After the newness of being parents settled in, we knew we still wanted to adopt. Our family was not complete. We wanted siblings for our daughter; we wanted to parent more children. So our search for the right agency to fulfill that dream started. Adoption can be scary and fraught with worry. We needed an agency we could have confidence in. We needed to feel secure that OUR best interests were being looked after. We wanted an agency with a good record, a long history, great communication and many success stories. We met with several agencies. We finally found the one that fulfilled our criteria, Crossroads Adoption Services. They answered our questions, they returned our calls, they kept us updated, they educated us, and they helped us through the paperwork. Sometimes in the process they held our hand and handed us a tissue.
Meeting the girls that we adopted started with a phone call "I have some pictures and information on some waiting children in need of homes." As we read and learned about the children, we discovered that two of the older girls lived in the same orphanage and were friends. "Is it possible to adopt two?" I asked. The emotions were intense. Our kids were on that list. Their photos were there. I can't quite explain it, but when we first saw our future daughters' videos I couldn't help feeling maternal pride. I was proud of what they had accomplished, despite not having had us with them these 10 and 11 years!
The next months were filled with paperwork, trips to government offices, writing checks, reading books about adoption and bonding, phone calls and waiting. There is a lot of waiting in adoption. There are emotional ups and downs. There is stress and there is worry. There is joy and excitement and anticipation. Crossroads helped us every step of the way. We were supported fromthe time we left home, arrived in country, received our daughters, and finally as we came home and started our life together.
When the day came to travel to China, we were anxious to become parents again. What would our new daughters think of us and their new little sister? How would they adapt to family life? Our biological daughter was 4 years old. Our adoptive daughters were almost 11 and 12.. Would they like us? What would they think of how we looked? I could not pronounce my new daughters names correctly. I lamented that as their mom I could not even pronounce their names. What would we wear the first day we met? What would we say? How would we break the ice? We felt ready, yet we felt inadequate. We felt like all new parents do, humbled that soon two new lives would be in our hands.

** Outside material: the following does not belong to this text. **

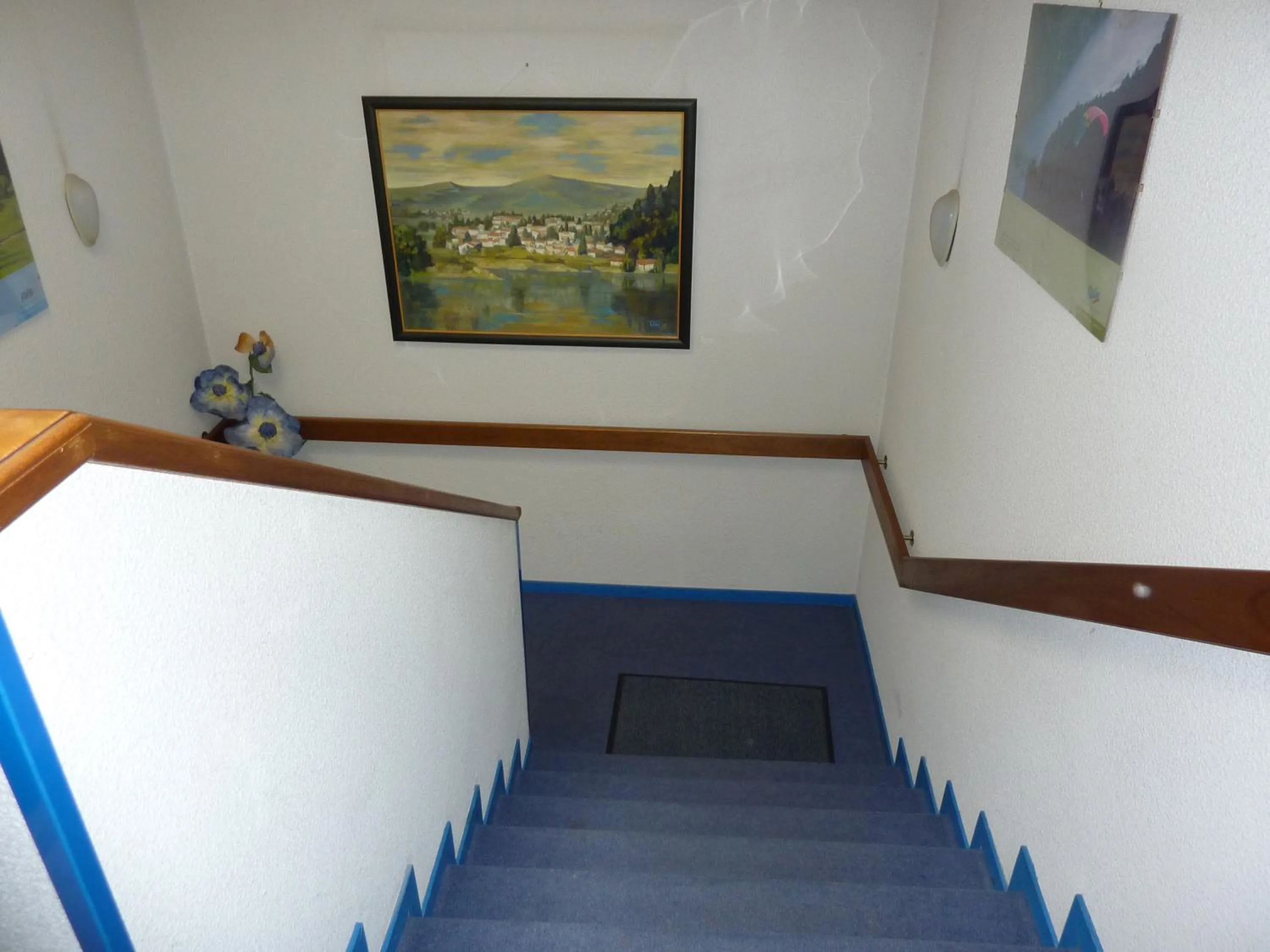 Other in Lac'Hotel France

When the morning arrived we ate our last breakfast as a family of three. We bathed and got dressed in our preplanned "meet our daughters and sisters" outfits and then it was time to get in thevan and get them. It was exciting, nerve racking, indescribable. Suddenly, we were in the room all together for the first time- our family of five. It was a relief. We could hold them in our arms for the first time. We could look at them. They could look at us. Strangers now family! One process was done, the next one just beginning.
Some months have passed now since we entered that room and meet our new daughters. We have experienced many firsts together. We have had some hard times, some challenges and worries. There have been some tears, and growing pains. But there has also been happiness, joy, satisfaction, and contentment. Our family of five is still learning what it means to be family. But I am confident we will make it. I am so happy that we have each other. I am so happy that that heart's wish of so long ago has become our reality.